(EXERCISE INPUT)

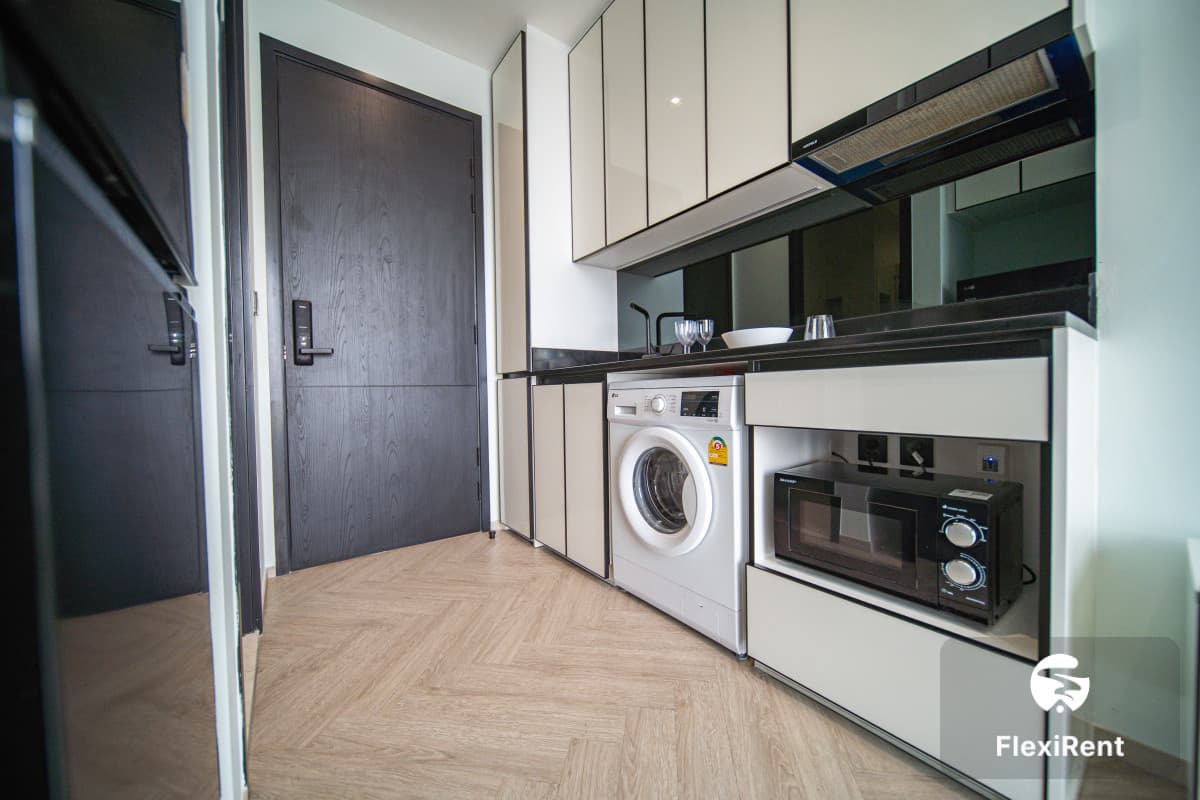 แชปเตอร์ เจริญนคร - ริเวอร์ไซด์ (Chapter Charoennakhon - Riverside) รูปที่ 20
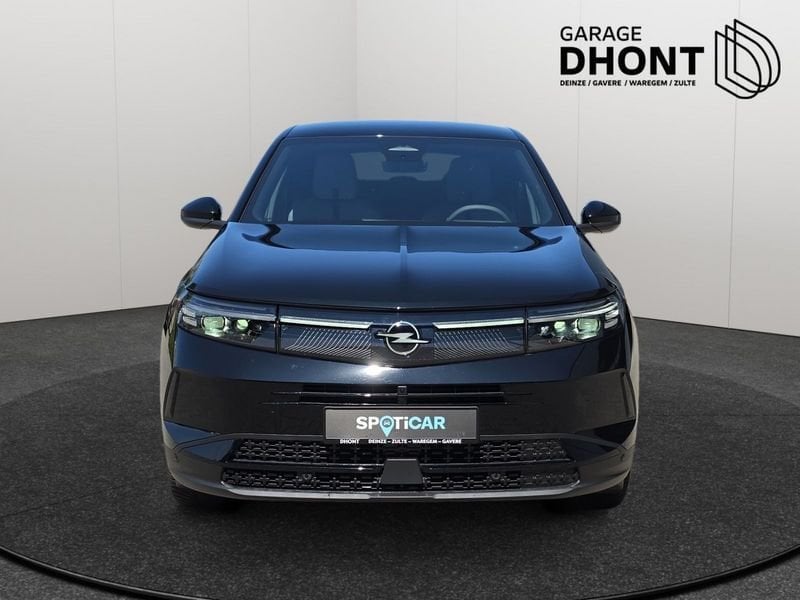 Opel Grandland GS - 1.2 MHEV - Automaat - 145PK, Autos, Grandland, 145 ch, Achat, Euro 6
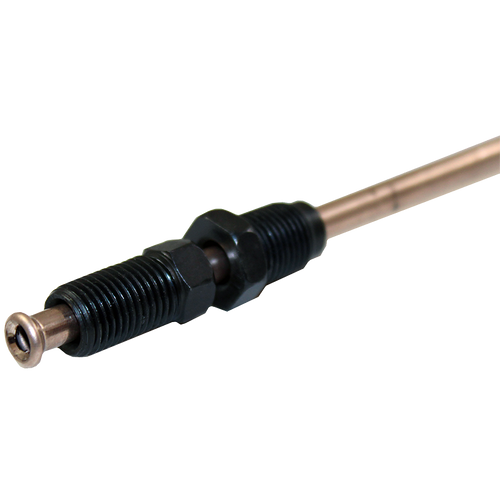 NiCopp Brake Line Adapter, 3/16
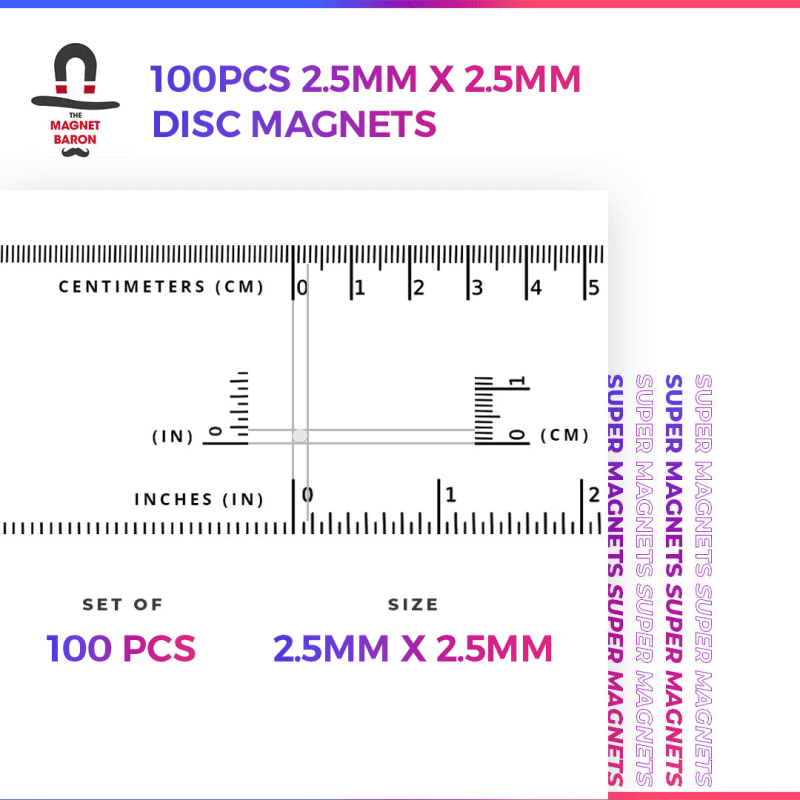 SuperMagnets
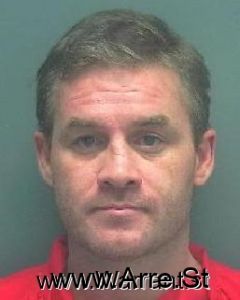 Darian Busby Arrest Mugshot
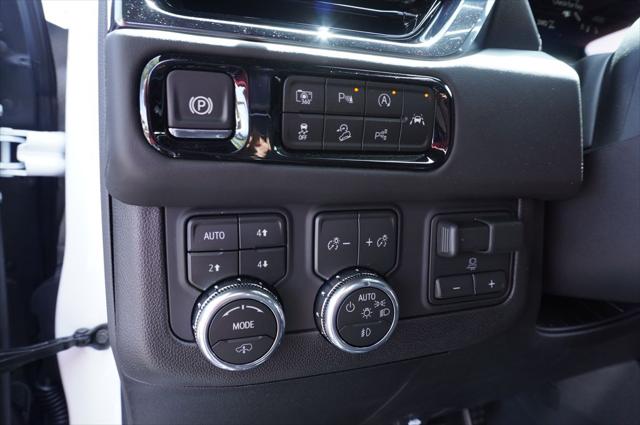 2026 GMC Yukon 4WD AT4 Ultimate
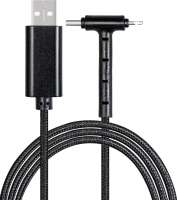 3-in-1 Ladekabel REEVES-CHESTER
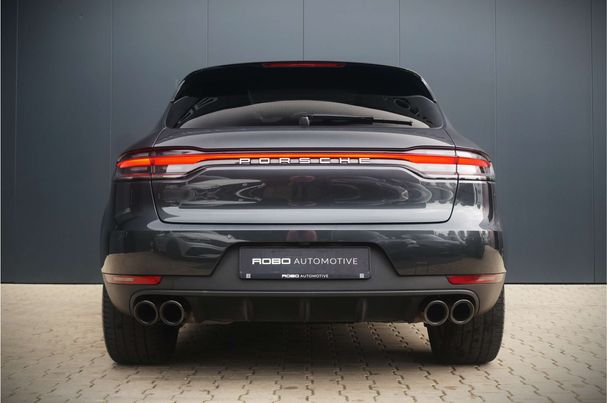 Porsche Macan 180 kW image number 24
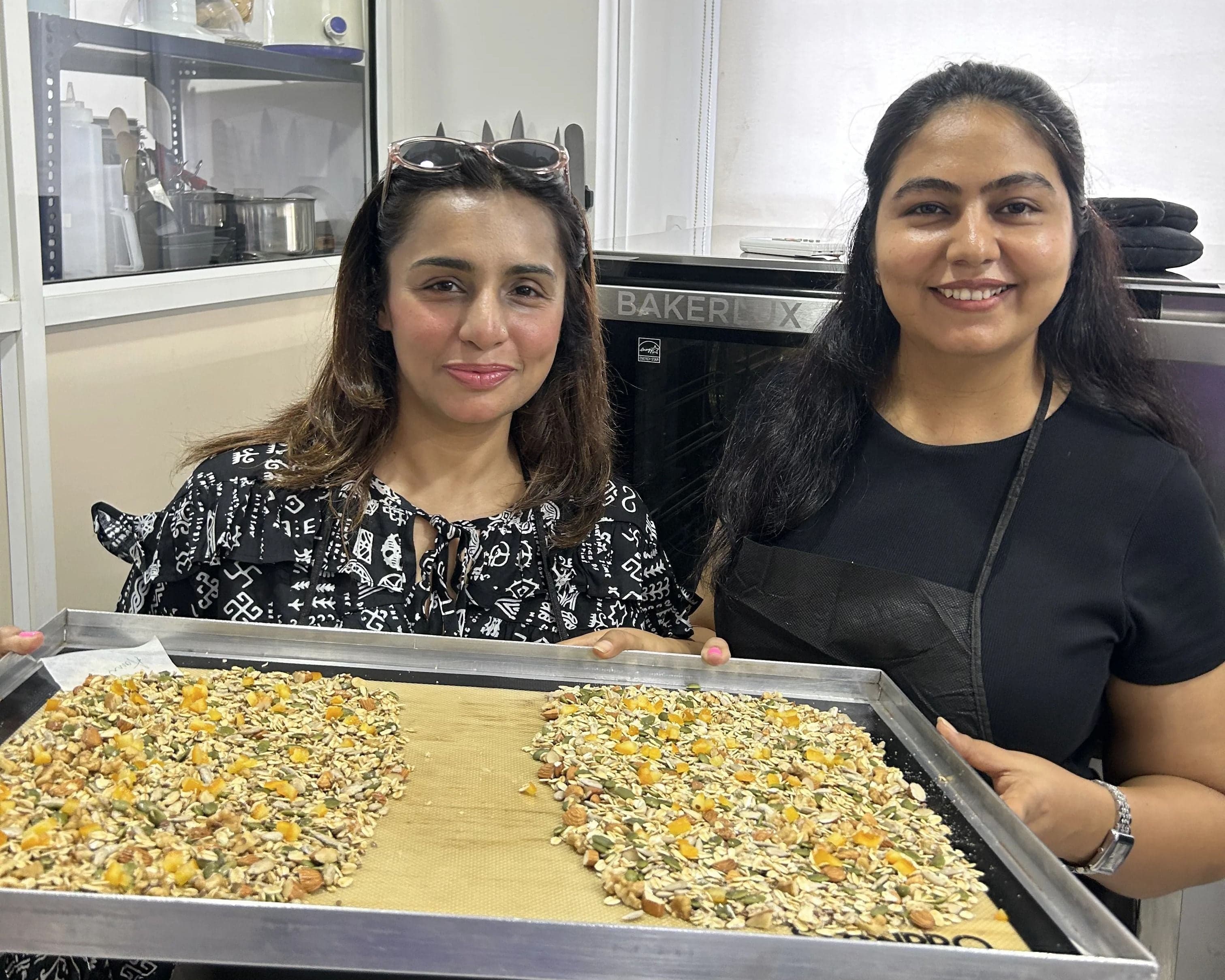 Health Based Mindful Baking 3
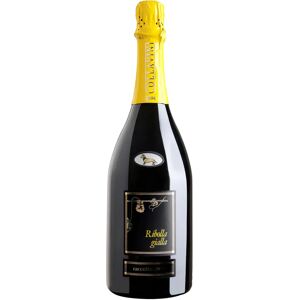 collavini spumante brut di ribolla gialla 2019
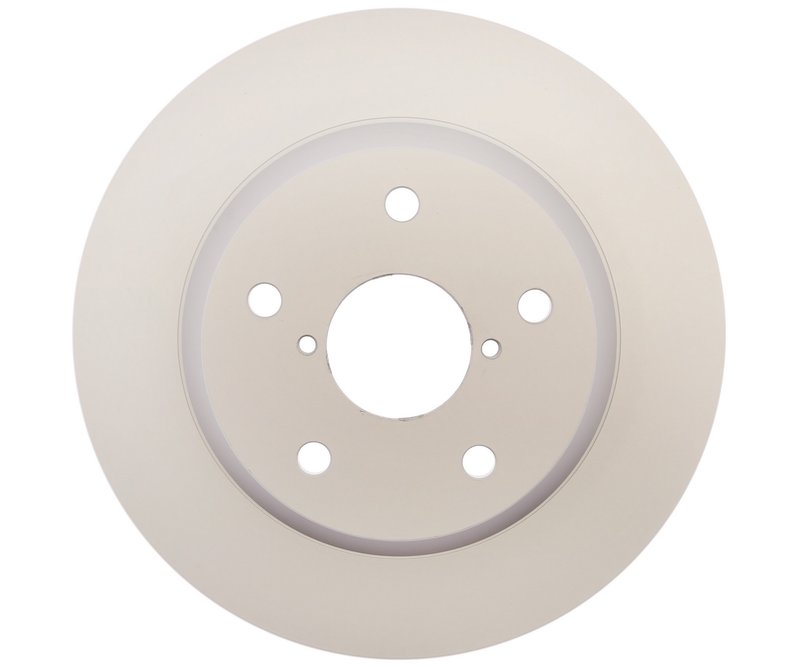 Raybestos 982566 Disc Brake Rotor - Front or Rear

(End EXERCISE INPUT)

▸ ABOUT THIS TASK
When you copy the data, keep every line exact and leave out each picture.

▸ OUTPUT OF THE EXERCISE
 แชปเตอร์ เจริญนคร - ริเวอร์ไซด์ (Chapter Charoennakhon - Riverside) รูปที่ 20
 Opel Grandland GS - 1.2 MHEV - Automaat - 145PK, Autos, Grandland, 145 ch, Achat, Euro 6
 NiCopp Brake Line Adapter, 3/16
 SuperMagnets
 Darian Busby Arrest Mugshot
 2026 GMC Yukon 4WD AT4 Ultimate
 3-in-1 Ladekabel REEVES-CHESTER
 Porsche Macan 180 kW image number 24
 Health Based Mindful Baking 3
 collavini spumante brut di ribolla gialla 2019
 Raybestos 982566 Disc Brake Rotor - Front or Rear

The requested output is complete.